Editorial Review


Cool tool takes videos to next level, but some privacy concerns
Graphite Rating 4
  • Creating an account is encouraged, but not required.
  • TouchFeeds let users view work by others which could spark creativity.
  • Front page is busy and advertises latest developer promotions.
  • Choose a template or create one of your own.
  • TouchCasts can be locked to keep the public from viewing them.
Professional video templates incorporate elements from multiple sources, and creative features enhance the video's content.
Some video components may contain inappropriate content.
Bottom Line
TouchCast is a creative tool for students to use to present information, but teachers should monitor use.

Graphite Expert Review

Stacy Zeiger
Common Sense Graphite Reviewer
Homeschooling parent/instructor
Graphite Rating 4
Learning Scores
Engagement Is the product stimulating, entertaining, and engrossing? Will kids want to return? 5

So many cool features, such as teleprompting, sound effects, customized feeds, and a whiteboard, turn these videos into professional productions.

Pedagogy Is learning content seamlessly baked-in, and do kids build conceptual understanding? Is the product adaptable and empowering? Will skills transfer? 3

The amount of creative control the app gives teens is empowering. Special themes encourage teens to incorporate current events, and social sharing is a large part of the experience.

Support Does the product take into account learners of varying abilities, skill levels, and learning styles? Does it address both struggling and advanced students? 4

Sample videos, video tutorials, and on-screen instructions guide users as they create their videos. Educator-specific video tutorials explain how TouchCast can be used in classrooms.

Read how we rate and review all products on Graphite.
What's It Like?

Sample videos and tutorials help you see what formats and features are available with TouchCast. If you want to get started right away, you can simply choose a template and press Record. However, virtually any video recording and editing app can create that kind of video. Instead of recording right away, take some time to explore the features. For example, maybe you want to add a Google newsreel or a Twitter feed related to the theme of your video. Perhaps you want to pre-write a script and use the teleprompter to guide you as you read it on the screen. If you're going for a specific feel, you might want to play around with the video filters or add in a few funky sound effects. Then, when you're ready, you can record and edit your video. Once finished, save the video privately or opt to make it public and share it on Facebook, Twitter, or YouTube. 

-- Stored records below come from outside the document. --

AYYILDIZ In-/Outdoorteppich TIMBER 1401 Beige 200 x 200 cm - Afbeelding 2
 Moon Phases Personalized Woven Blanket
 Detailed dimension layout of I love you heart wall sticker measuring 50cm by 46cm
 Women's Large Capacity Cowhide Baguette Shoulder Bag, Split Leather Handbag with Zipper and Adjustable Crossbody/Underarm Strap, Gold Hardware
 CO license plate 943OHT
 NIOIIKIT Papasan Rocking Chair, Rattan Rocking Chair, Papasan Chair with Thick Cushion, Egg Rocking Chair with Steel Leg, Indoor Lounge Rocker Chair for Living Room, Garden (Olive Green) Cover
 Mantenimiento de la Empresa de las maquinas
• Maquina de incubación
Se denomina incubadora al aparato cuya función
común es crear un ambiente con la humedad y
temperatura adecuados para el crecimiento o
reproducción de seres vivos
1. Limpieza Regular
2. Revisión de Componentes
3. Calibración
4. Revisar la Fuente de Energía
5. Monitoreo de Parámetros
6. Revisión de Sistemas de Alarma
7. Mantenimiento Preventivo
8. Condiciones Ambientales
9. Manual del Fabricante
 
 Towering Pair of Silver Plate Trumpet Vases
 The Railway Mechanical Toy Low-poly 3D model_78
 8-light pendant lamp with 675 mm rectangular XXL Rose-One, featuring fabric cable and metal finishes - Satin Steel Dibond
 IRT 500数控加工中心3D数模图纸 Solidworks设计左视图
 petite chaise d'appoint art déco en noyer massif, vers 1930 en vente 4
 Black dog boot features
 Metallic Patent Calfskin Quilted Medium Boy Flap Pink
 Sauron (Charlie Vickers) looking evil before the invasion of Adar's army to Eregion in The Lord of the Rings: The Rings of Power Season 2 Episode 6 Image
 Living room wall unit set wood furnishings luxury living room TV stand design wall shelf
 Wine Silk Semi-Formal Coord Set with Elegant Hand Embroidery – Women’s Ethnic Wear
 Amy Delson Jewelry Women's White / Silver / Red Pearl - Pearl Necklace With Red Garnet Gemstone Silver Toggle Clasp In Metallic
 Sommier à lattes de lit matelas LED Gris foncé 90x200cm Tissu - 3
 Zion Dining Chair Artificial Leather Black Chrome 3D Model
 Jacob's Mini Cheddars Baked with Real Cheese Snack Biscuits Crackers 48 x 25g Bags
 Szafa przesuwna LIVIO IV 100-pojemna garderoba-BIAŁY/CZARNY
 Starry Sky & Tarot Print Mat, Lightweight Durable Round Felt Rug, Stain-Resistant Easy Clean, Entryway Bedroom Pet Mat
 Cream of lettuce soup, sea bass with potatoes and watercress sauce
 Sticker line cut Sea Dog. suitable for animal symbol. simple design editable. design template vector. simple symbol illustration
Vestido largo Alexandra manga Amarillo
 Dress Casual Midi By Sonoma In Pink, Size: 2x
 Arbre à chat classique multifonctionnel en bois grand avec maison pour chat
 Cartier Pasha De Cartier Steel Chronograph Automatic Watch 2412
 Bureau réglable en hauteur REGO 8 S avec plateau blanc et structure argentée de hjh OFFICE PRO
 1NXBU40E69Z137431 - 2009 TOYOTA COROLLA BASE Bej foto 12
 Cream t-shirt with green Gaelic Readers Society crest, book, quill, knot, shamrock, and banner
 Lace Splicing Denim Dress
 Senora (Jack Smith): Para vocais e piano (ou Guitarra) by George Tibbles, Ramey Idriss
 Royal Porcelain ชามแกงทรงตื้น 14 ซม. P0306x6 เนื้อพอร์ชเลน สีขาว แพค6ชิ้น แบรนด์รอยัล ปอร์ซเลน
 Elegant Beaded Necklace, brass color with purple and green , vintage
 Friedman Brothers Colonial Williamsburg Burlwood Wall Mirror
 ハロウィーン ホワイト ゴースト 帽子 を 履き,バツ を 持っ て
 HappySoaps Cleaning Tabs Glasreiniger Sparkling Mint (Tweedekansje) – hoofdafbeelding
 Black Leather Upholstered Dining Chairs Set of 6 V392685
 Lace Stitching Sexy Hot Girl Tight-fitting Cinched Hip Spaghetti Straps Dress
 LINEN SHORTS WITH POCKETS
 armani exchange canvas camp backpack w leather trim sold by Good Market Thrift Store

The app requires users to be at least 13 years old, and teens under 18 need a parent's permission to use the app. Other TouchCast users can view and leave comments on videos not marked as "local," so there are some privacy concerns. There's also the potential for students to encounter iffy content using the app, but community guidelines discourage sexually explicit content, violence, and hate speech, and TouchCast staff monitor and remove inappropriate content.

Read More Read Less
Is It Good For Learning?

When it comes to sharing what they've learned, students need to think beyond the traditional essay, research paper, poster, or slideshow presentation. TouchCast helps students take their projects further. Not only can they create their own videos, they can use a green screen effect to change the background of the video and also extend their videos by adding current events, social networking feeds, and other apps to add context and comprehensiveness. Students will also learn to think critically about their videos; instead of adding in as many special effects as they can, they'll learn to choose the effects wisely and only add apps and content that enhance their presentations.

Read More Read Less
How Can Teachers Use It?

Teachers in nearly every subject area can have students create a video to complement or, in some cases, replace a research paper or other project. For example, students in social studies may use the breaking news template to create a newscast about a current event or an important event in history. In language arts, students may create videos to summarize what's going on in a book, modernize scenes, or give book reviews. Science and math teachers may have students use the how-to template to describe important skills and concepts, or use some of the news headlines to present real-world examples of what they're learning in class. Teachers can also use TouchCast to create flipped lessons, allowing students to engage with dynamic, teacher-prepared instructional videos (with or without assessment) at-home and come to school ready to discuss and work on projects.